ABOUT THIS TASK: Give again, character for character, the lines that lie between the first line of the material and the line with "Little boy with", inclusive. Omit pictures.

DATA PROVIDED:
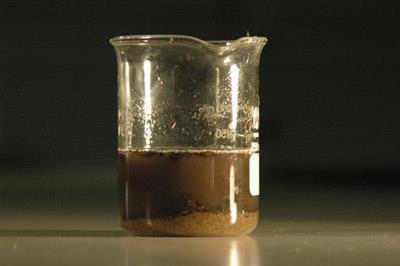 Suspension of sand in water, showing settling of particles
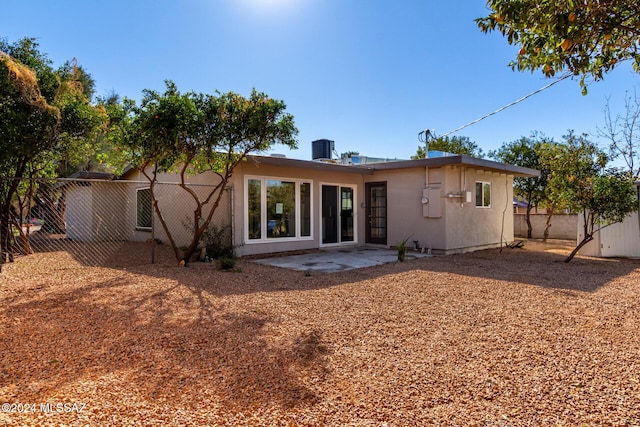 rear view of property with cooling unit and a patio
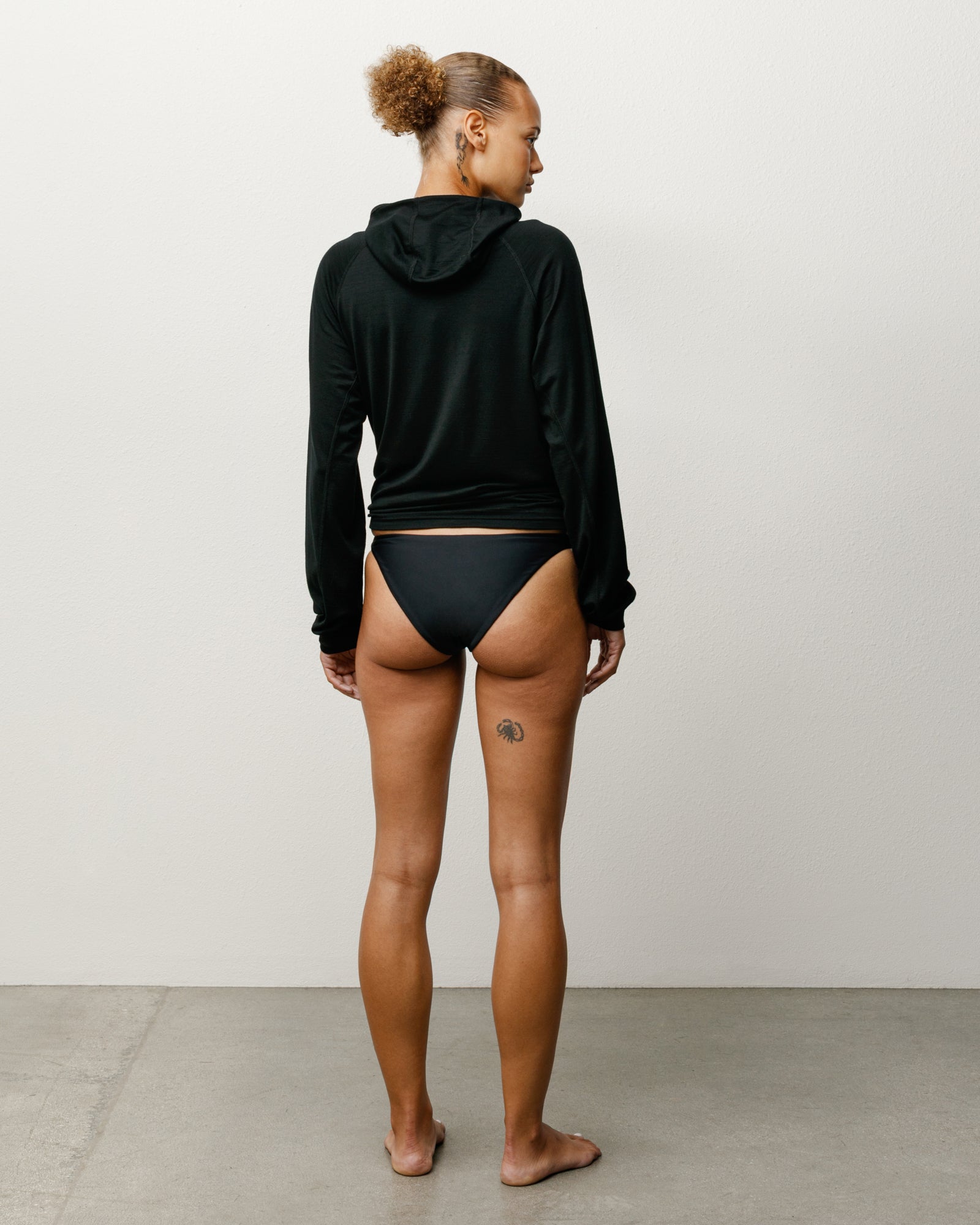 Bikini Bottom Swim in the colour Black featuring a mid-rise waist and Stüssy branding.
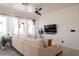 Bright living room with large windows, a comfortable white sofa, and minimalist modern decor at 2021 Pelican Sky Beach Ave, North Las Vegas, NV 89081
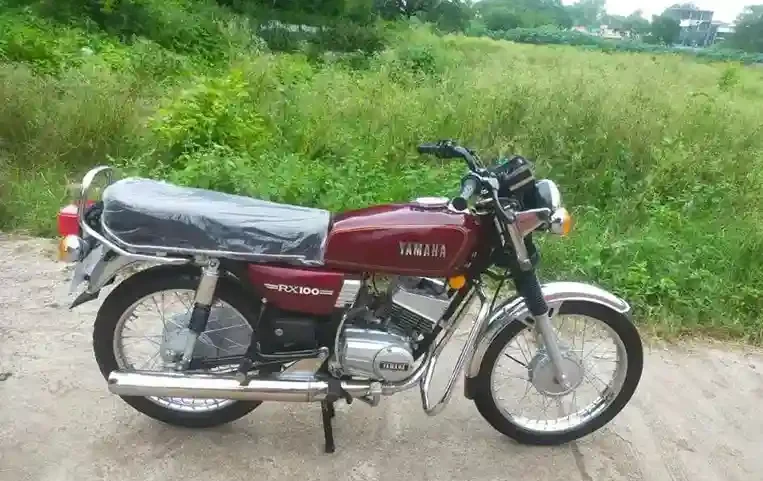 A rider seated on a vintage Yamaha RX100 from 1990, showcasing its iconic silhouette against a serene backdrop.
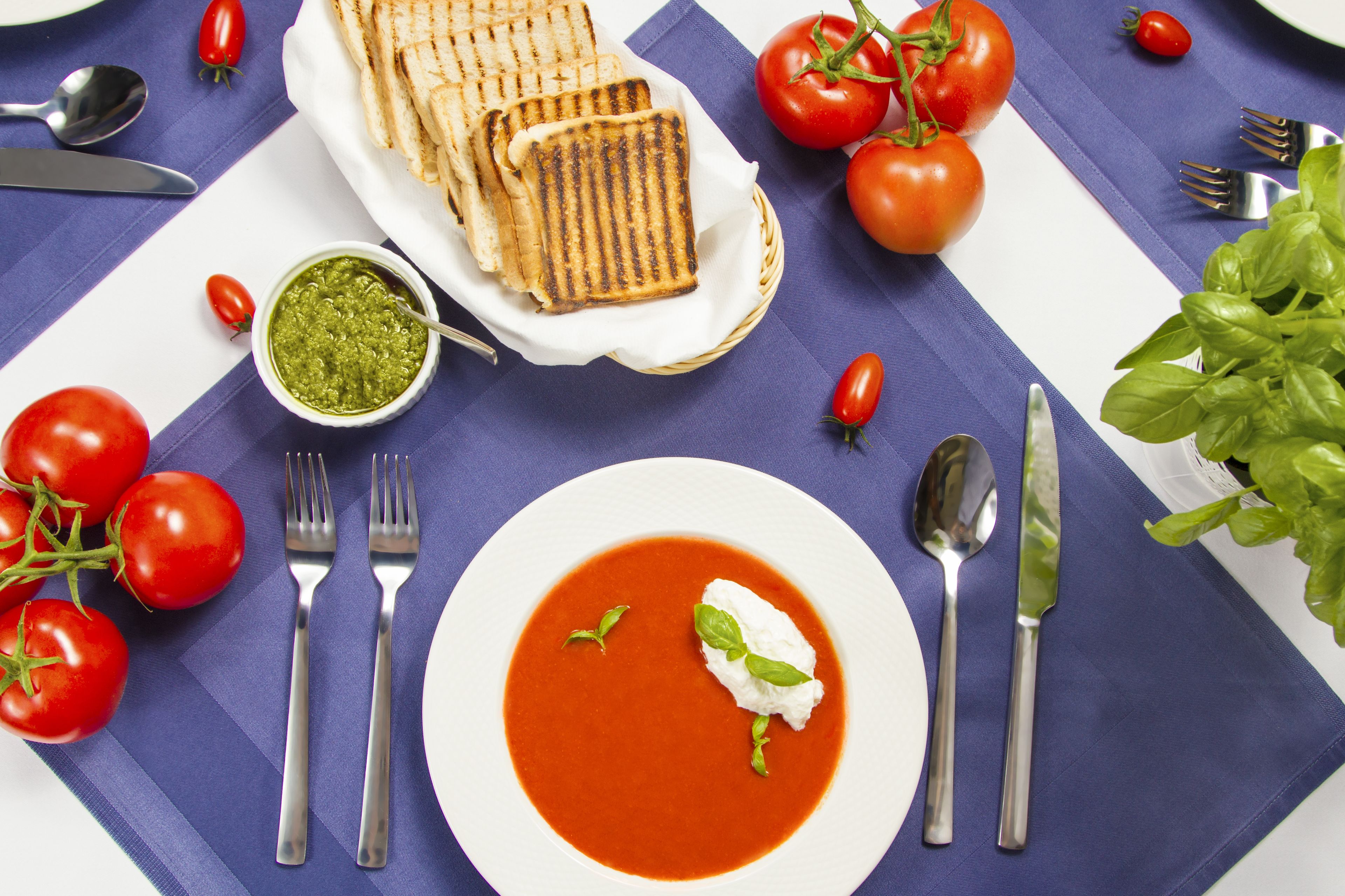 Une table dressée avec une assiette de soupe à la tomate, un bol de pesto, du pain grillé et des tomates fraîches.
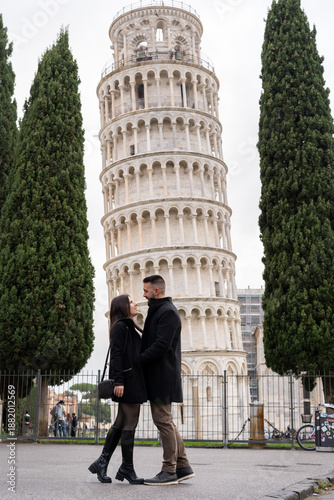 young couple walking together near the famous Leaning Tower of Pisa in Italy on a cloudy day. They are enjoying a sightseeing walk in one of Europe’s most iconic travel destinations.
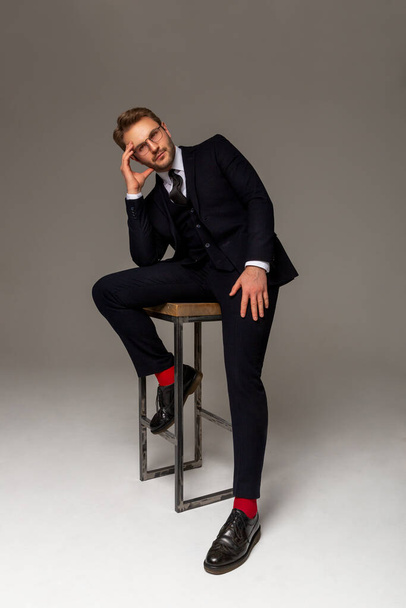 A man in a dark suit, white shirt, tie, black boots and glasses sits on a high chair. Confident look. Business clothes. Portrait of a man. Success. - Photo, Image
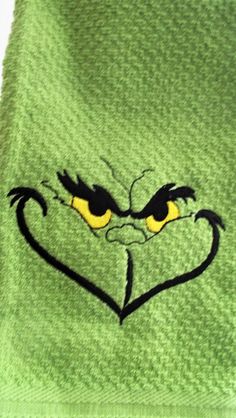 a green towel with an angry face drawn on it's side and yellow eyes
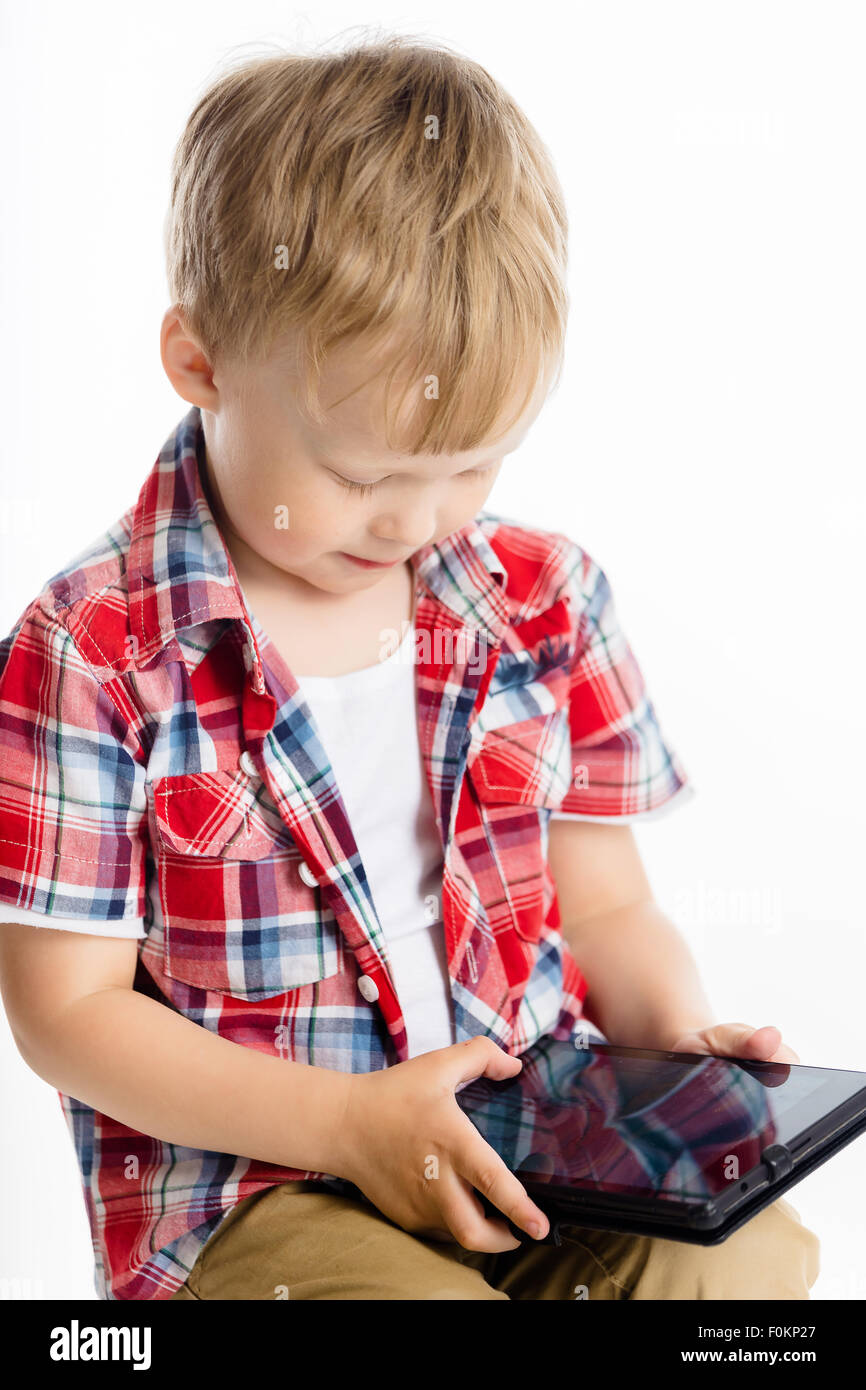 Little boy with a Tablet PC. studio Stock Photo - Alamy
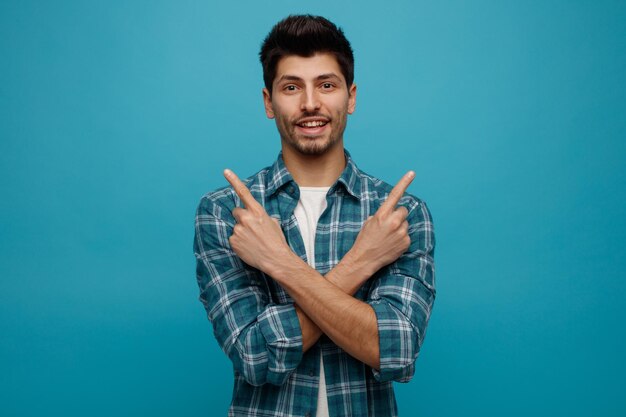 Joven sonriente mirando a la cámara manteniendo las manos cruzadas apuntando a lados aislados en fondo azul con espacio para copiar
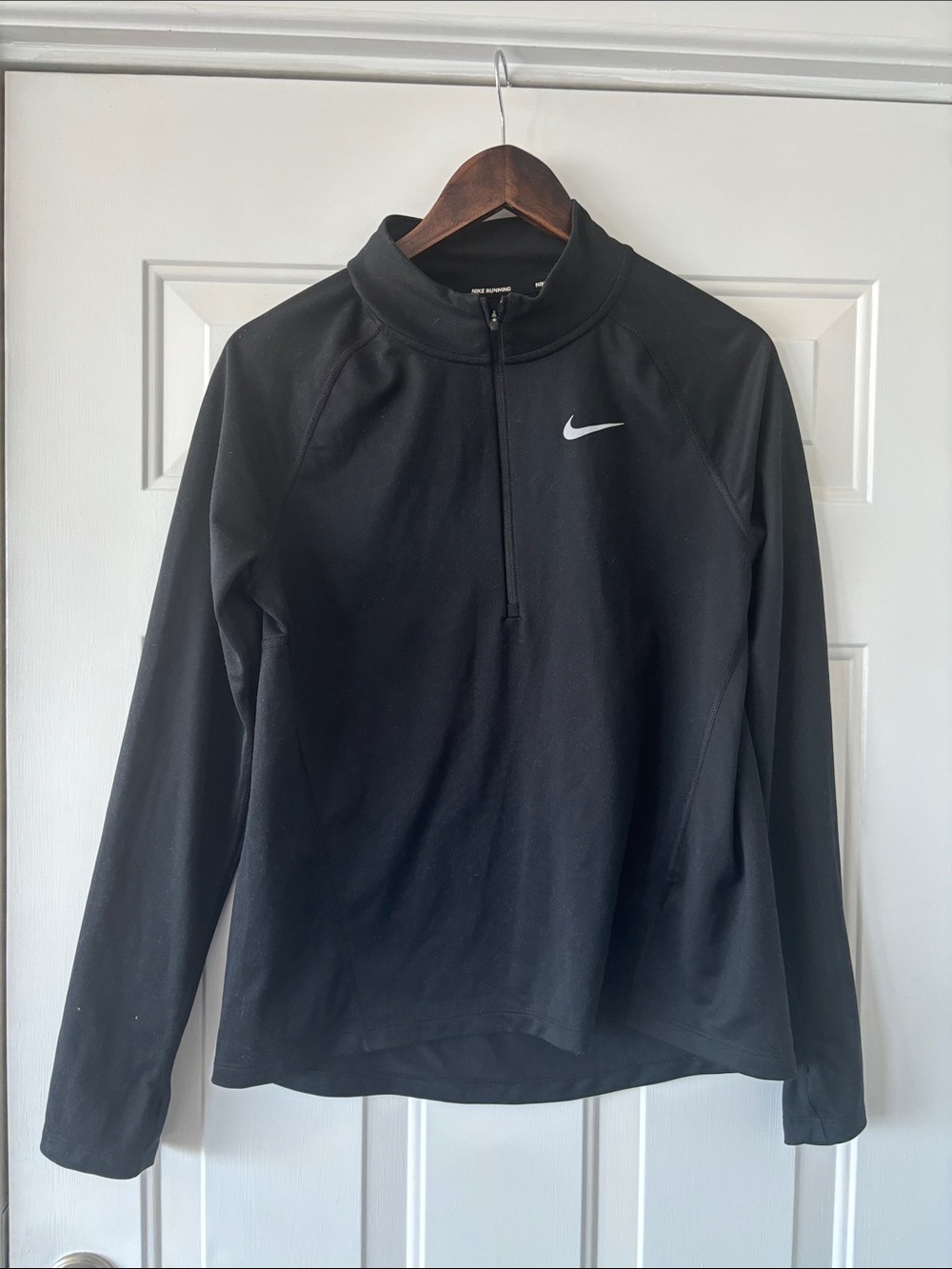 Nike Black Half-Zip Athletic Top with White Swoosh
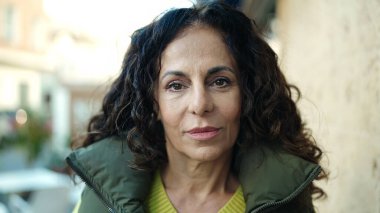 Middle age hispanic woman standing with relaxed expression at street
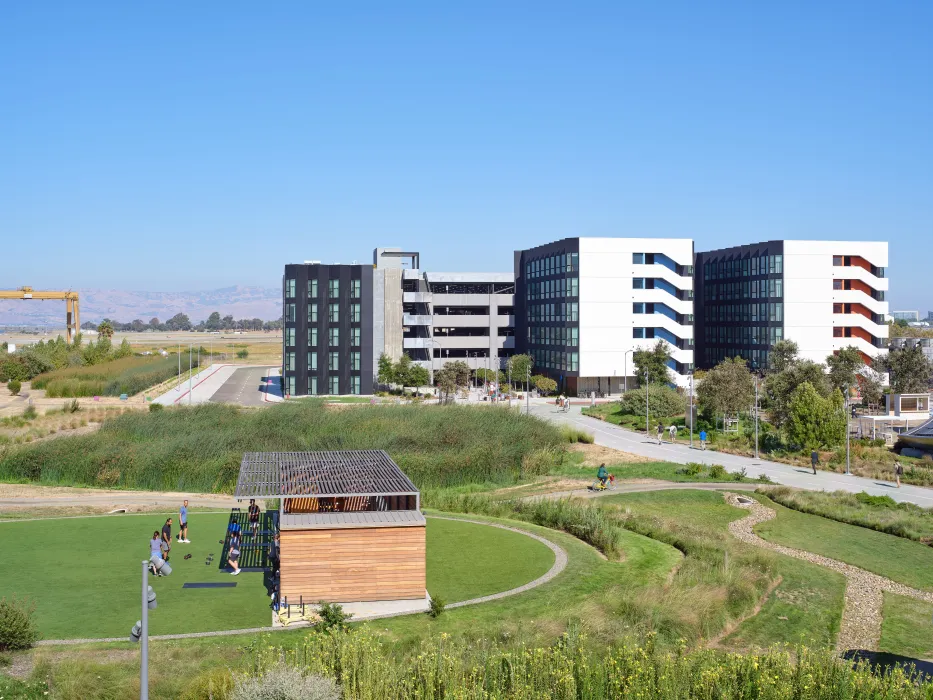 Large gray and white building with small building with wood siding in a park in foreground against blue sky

REPLY TO THE TASK:
 Suspension of sand in water, showing settling of particles
 rear view of property with cooling unit and a patio
 Bikini Bottom Swim in the colour Black featuring a mid-rise waist and Stüssy branding.
 Bright living room with large windows, a comfortable white sofa, and minimalist modern decor at 2021 Pelican Sky Beach Ave, North Las Vegas, NV 89081
 A rider seated on a vintage Yamaha RX100 from 1990, showcasing its iconic silhouette against a serene backdrop.
 Une table dressée avec une assiette de soupe à la tomate, un bol de pesto, du pain grillé et des tomates fraîches.
 young couple walking together near the famous Leaning Tower of Pisa in Italy on a cloudy day. They are enjoying a sightseeing walk in one of Europe’s most iconic travel destinations.
 A man in a dark suit, white shirt, tie, black boots and glasses sits on a high chair. Confident look. Business clothes. Portrait of a man. Success. - Photo, Image
 a green towel with an angry face drawn on it's side and yellow eyes
 Little boy with a Tablet PC. studio Stock Photo - Alamy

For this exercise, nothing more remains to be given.